Dolunay 19. bölüm
Yazar: Sinem ÖZCAN
Haftalardır, beklediğimiz velayet davası çok şükür bu bölüm sonuçlandı. Dava aslında Deniz, o salona girmeden de karara ulaşmıştı bence ama Deniz’in şov yapması gerektiği için onun “bilen adam” tavrıyla hâkime “Bulut, Nazlı ve Ferit’te kalmalı.” önerisiyle bir rahat nefes aldık çok şükür.
Nazlı ve Ferit evliliği baştan beri Bulut’un ait olduğu yere getirilmesi için planlanmıştı ancak ne olursa olsun Bulut’un kalıcı olarak o evde yaşaması dengeleri değiştirecek ve yeni bir düzen oluşturacaktı. Ben, sanırım fazla iyimser davranmışım, bu bölüm o evdeki değişiklikleri, Nazlı ve Ferit’in bu düzene ayak uydururken aralarındaki çekimle nasıl mücadele ettiklerini filan görürüz diyordum, olmadı.
Asuman, Deniz, Demet ve Hakan ağırlıklı bir bölüm izledik. 240 dakikalık sürenin tamamının iki kişi arasında olup bitenlerle doldurulmasını bekleyecek kadar acemi bir dizi izleyicisi değilim, onu da geçtim yan hikâyeler olmadan ana çatışmanın ilerlemeyeceğinin de pekâlâ farkındayım. Benim itirazım bambaşka bir noktadan: Saydığım dört isim de dizide ana kahramanın engelleyicileri… Alışıldık tabirle dizinin kötüleri… Dördü birden terazinin bir kefesine konunca benim bünyeme ağır geldi, doğrusunu isterseniz. Bu bölüm Demet ve Hakan arasında yaşananlar çok ama çok gerekliydi kabul ediyorum, oraya ağırlık verilirken bir zahmet şu an öyküde hiçbir sağlam fonksiyonları olmayan Asuman’la Deniz’i azıcık geri çekseydik.

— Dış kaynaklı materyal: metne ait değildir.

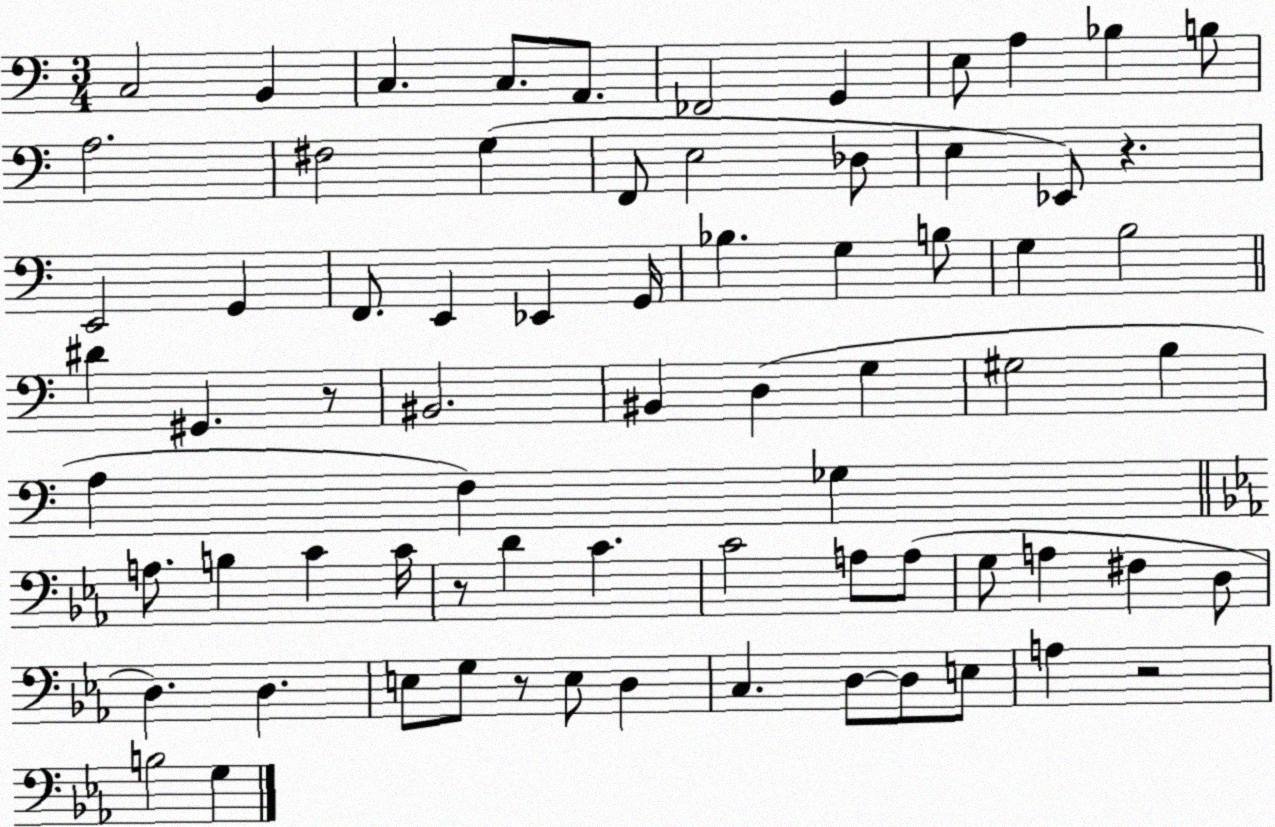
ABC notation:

Deniz, izleyicide tahammül kotasını fena hâlde doldurmuş durumda. Şu an için öyküde Ferit’i “hayatları kontrol etmekle suçlamak” dışında bir rolü yok. O konuda söyleyeceği her şeyi defalarca ama defalarca söyledi, her kelimesini daha o ağzını açmadan biz biliyoruz. Sürekli kendisini yineletmek yerine biraz saha dışına mı alsak, artık? Keza Asuman için de bu söylediklerim aynen geçerli. Hakikaten bir süreliğine İsviçre’ye yollasınız da bilim adamları her ikisini de bir didik didik incelese mi?
Şimdi gelen itirazları duyar gibiyim: “Ana çatışma çözüldü; Bulut, dayısının yanında; Nazlı ve Ferit de evli ve henüz açığa dökmeseler de âşıklar birbirlerine. Öyküyü başka bir kanala akıtmak zorundayız.” Elbette! Hiç itirazım yok. İşte, tam da bu yüzden Hakan ve Demet doğru bir açılım diye düşünüyorum. Demet’in şu ana kadar keyfini sürdüğü kocasının gücü, ona silah olarak doğrulduğunda neler yapabileceği önemli, Hakan’ın içindeki psikopatın artık gün yüzüne çıkmış olması da çok önemli, Ferit’in Hakan’ın oyunlarını bozması da çok çok önemli. Benim söylemeye çalıştığım bu çatışmada Deniz itici güç olamayacaksa (ki şu an öyle görülüyor) biraz ötede durmalı.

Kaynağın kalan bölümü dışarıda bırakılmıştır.